=== PROVIDED DATA ===

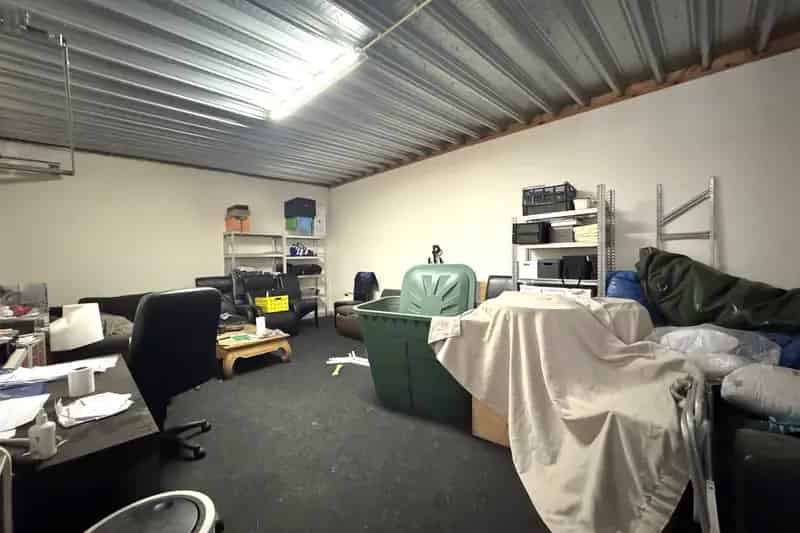 Bedrijfshal te huur Almere 70m² Kantoorruimte Opslag
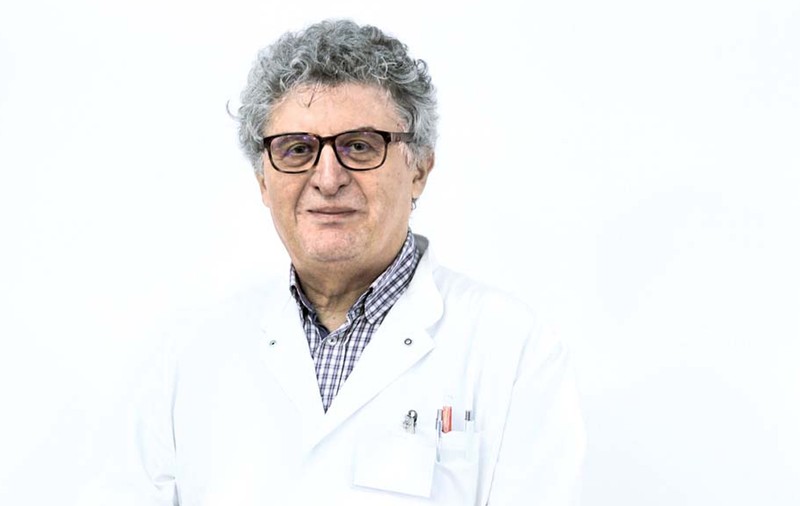 „Dacă un chatbot îți spune cu certitudine ce boală ai, e semn că ceva nu e în regulă cu modul în care îl folosești”, spune medicul Traian Mihăescu, autorul unui ghid de utilizare a ChatGPT în sănătate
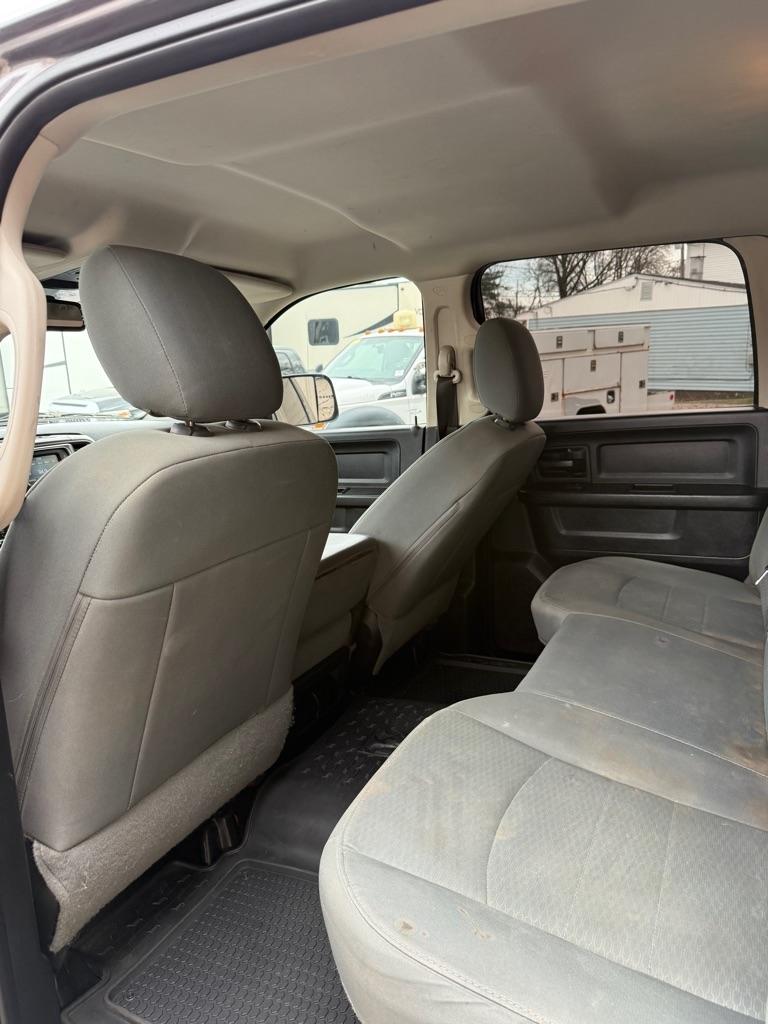 RAM 2500 Tradesman Crew Cab SWB 4WD 2015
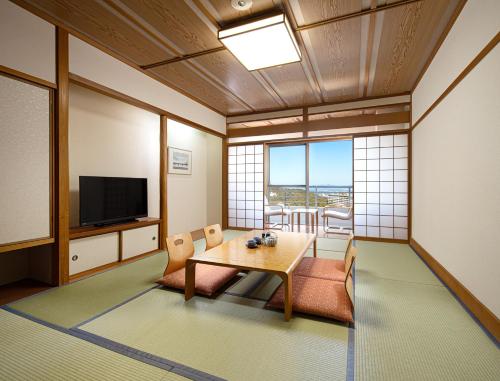 room detail thumbnail 0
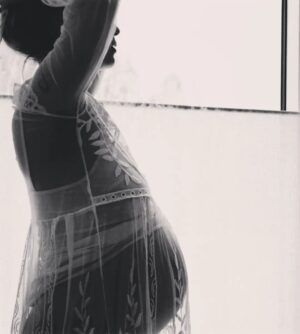 Pihla Viitala Instagram - This is a picture of my dear friend when she was eight months pregnant 🤍
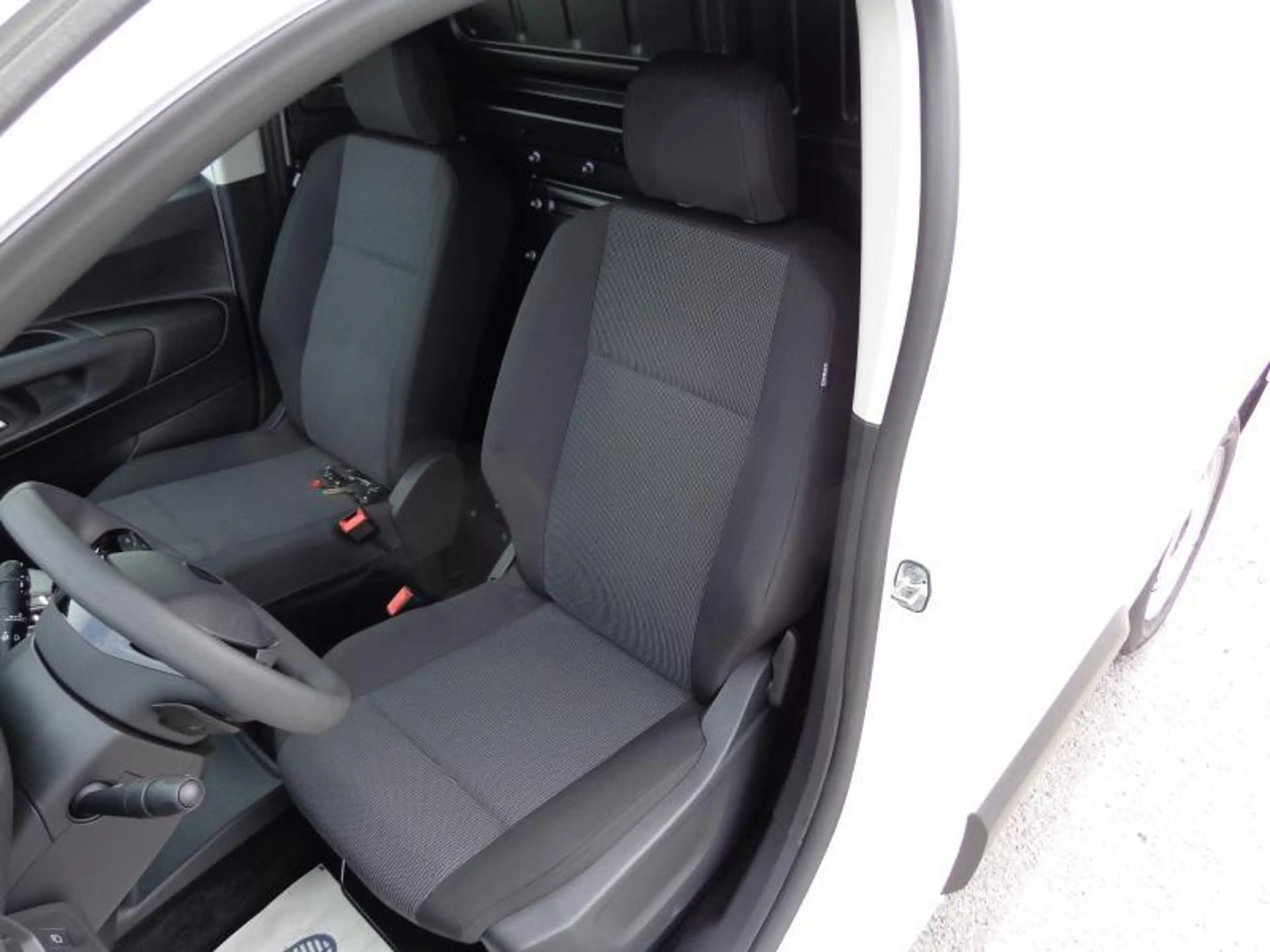 Peugeot Partner 1.5HDi 2Pl EAT8 - Caméra - Clim — photo 10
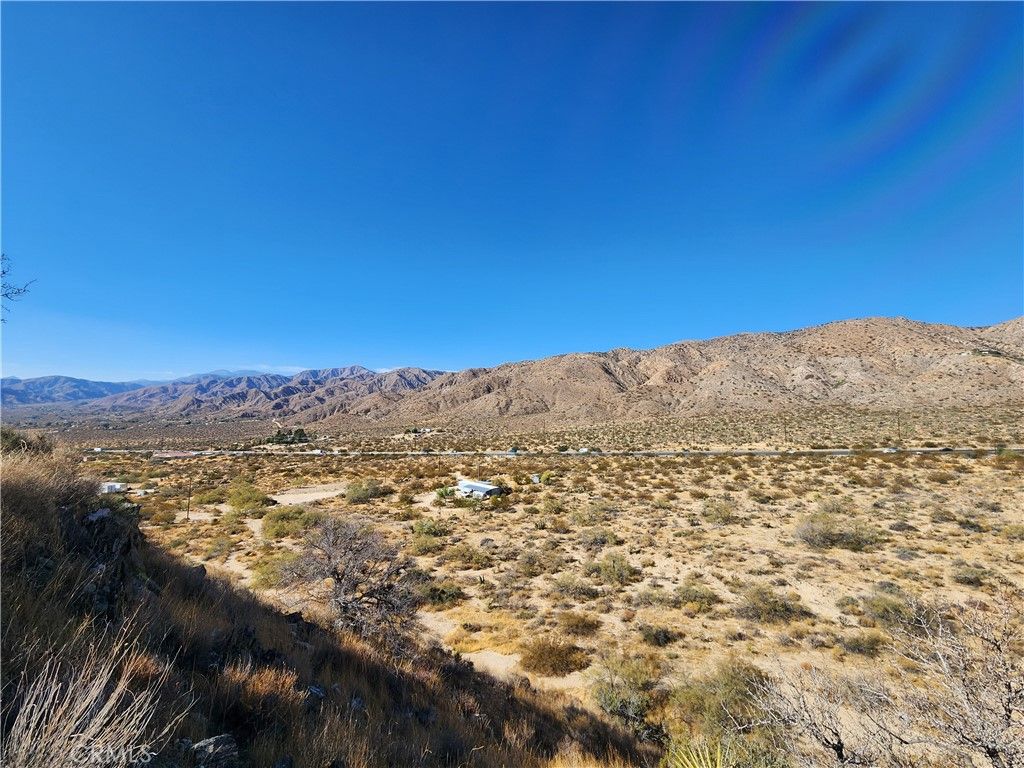 Image 7 of property listing at 29 Palms Highway, Morongo Valley, CA 92256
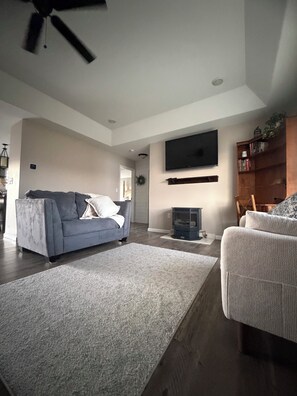 Living area - Charming 3 Bedroom  Home located between favorite Delaware vacation spots! (Georgetown)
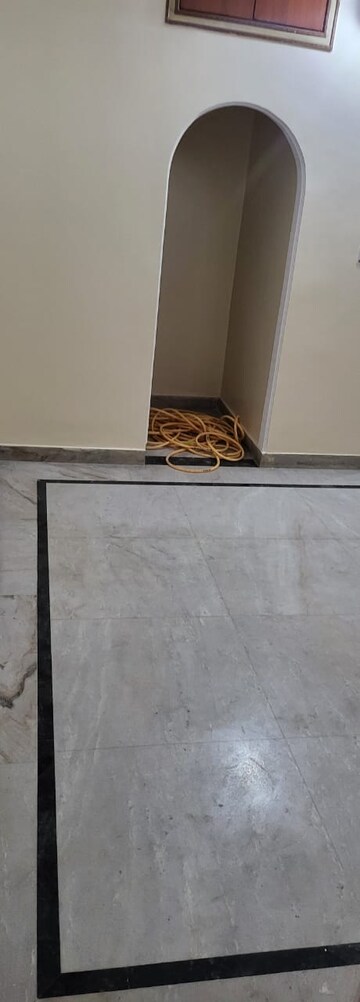 Room in 2 BHK Independent House at Sector 31 – for Rent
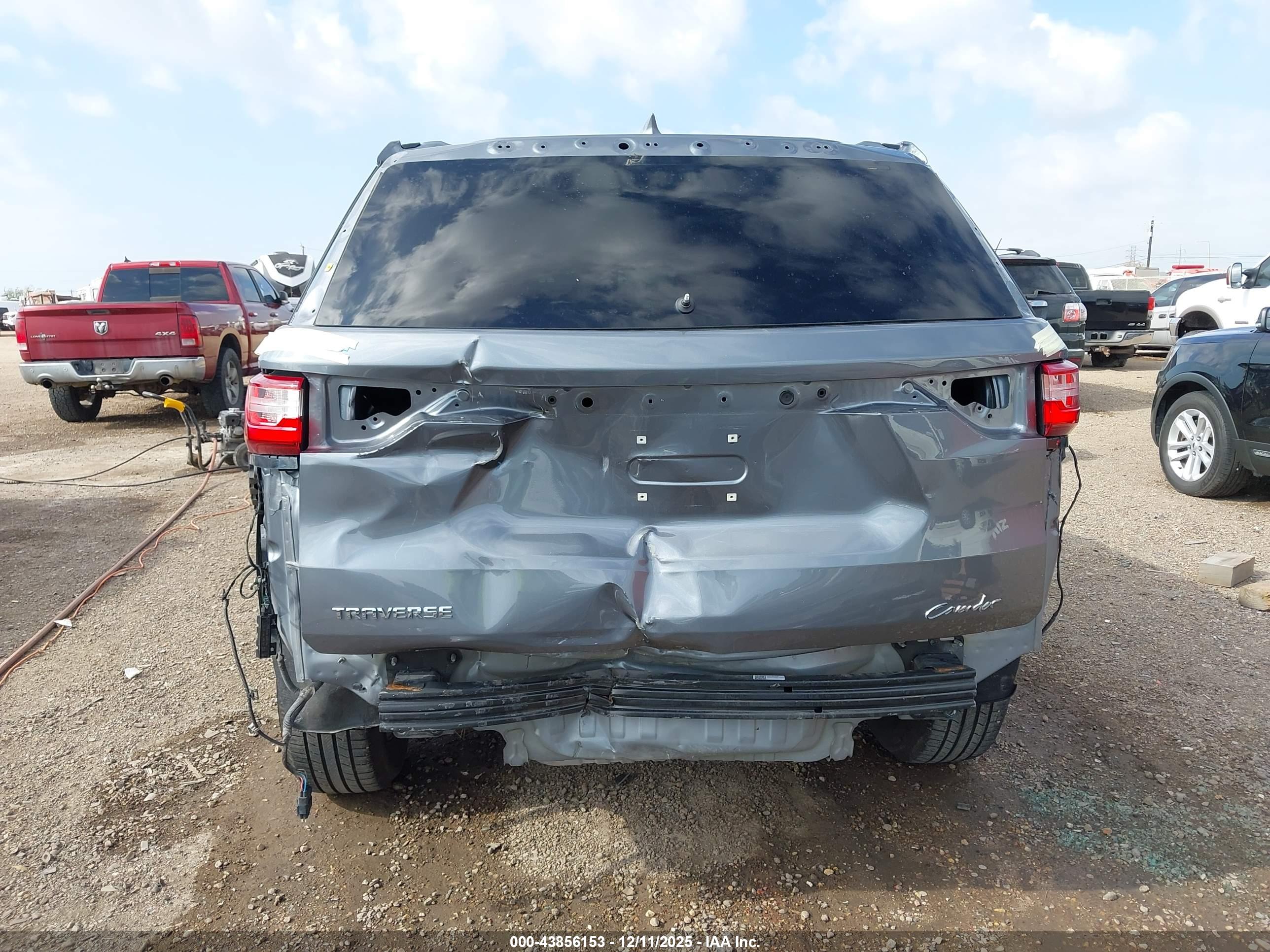CHEVROLET TRAVERSE image 6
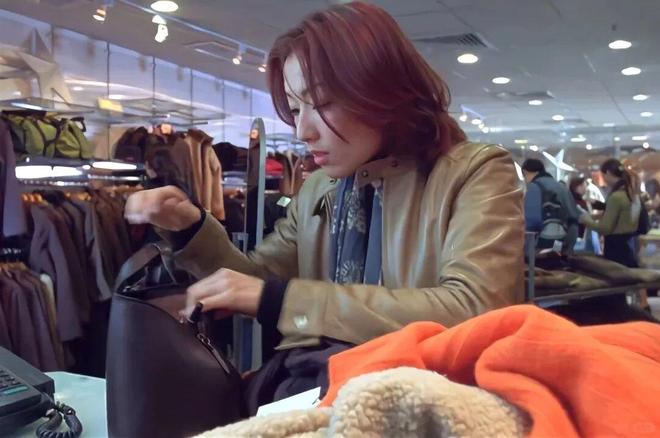 老电影,冬季“衣慌”的一种解药_老电影,冬季“衣慌”的一种解药_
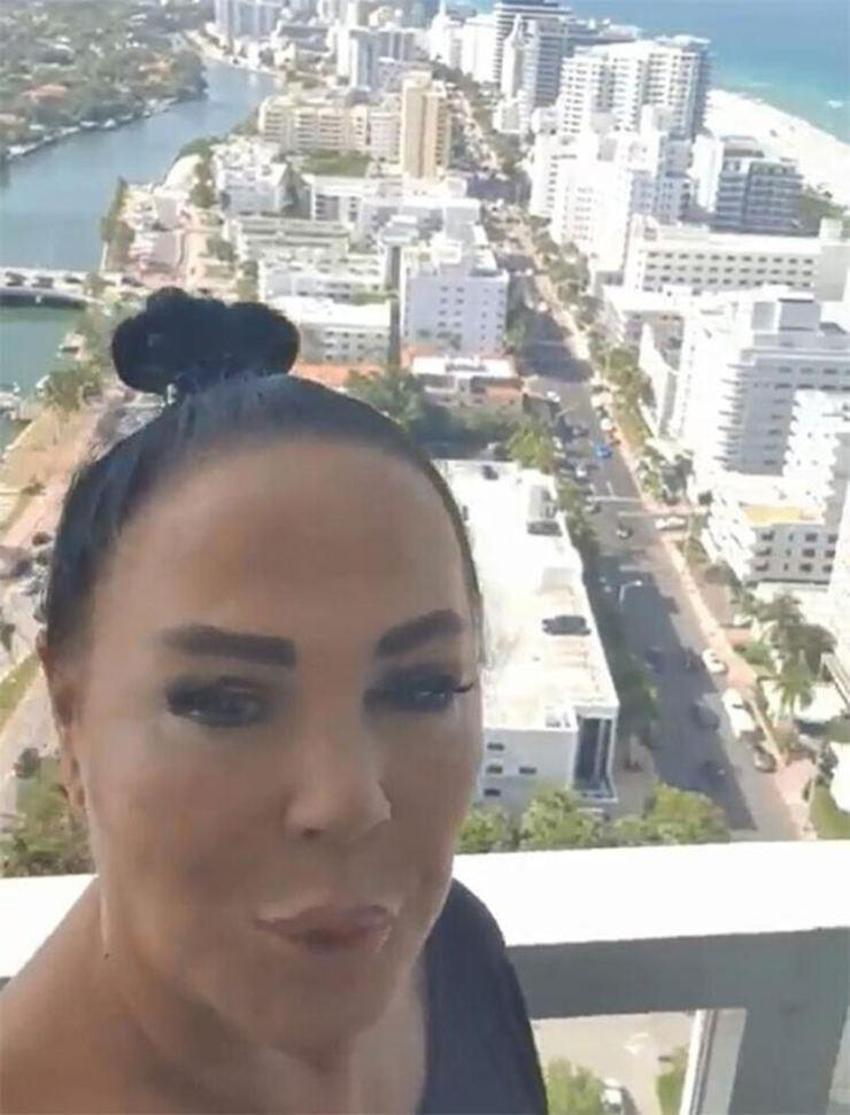 Safiye Soyman, Seda Sayan'ın Miami'deki evinin balkonundan paylaştı! Sosyal medya yıkıldı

===

BRIEF:
Copy exactly what appears in the entries, beginning with the first line and ending with the line that has "RAM 2500 Tradesman Crew Cab SWB 4WD 2015", but not the pictures.

WRITTEN SOLUTION:
 Bedrijfshal te huur Almere 70m² Kantoorruimte Opslag
 „Dacă un chatbot îți spune cu certitudine ce boală ai, e semn că ceva nu e în regulă cu modul în care îl folosești”, spune medicul Traian Mihăescu, autorul unui ghid de utilizare a ChatGPT în sănătate
 RAM 2500 Tradesman Crew Cab SWB 4WD 2015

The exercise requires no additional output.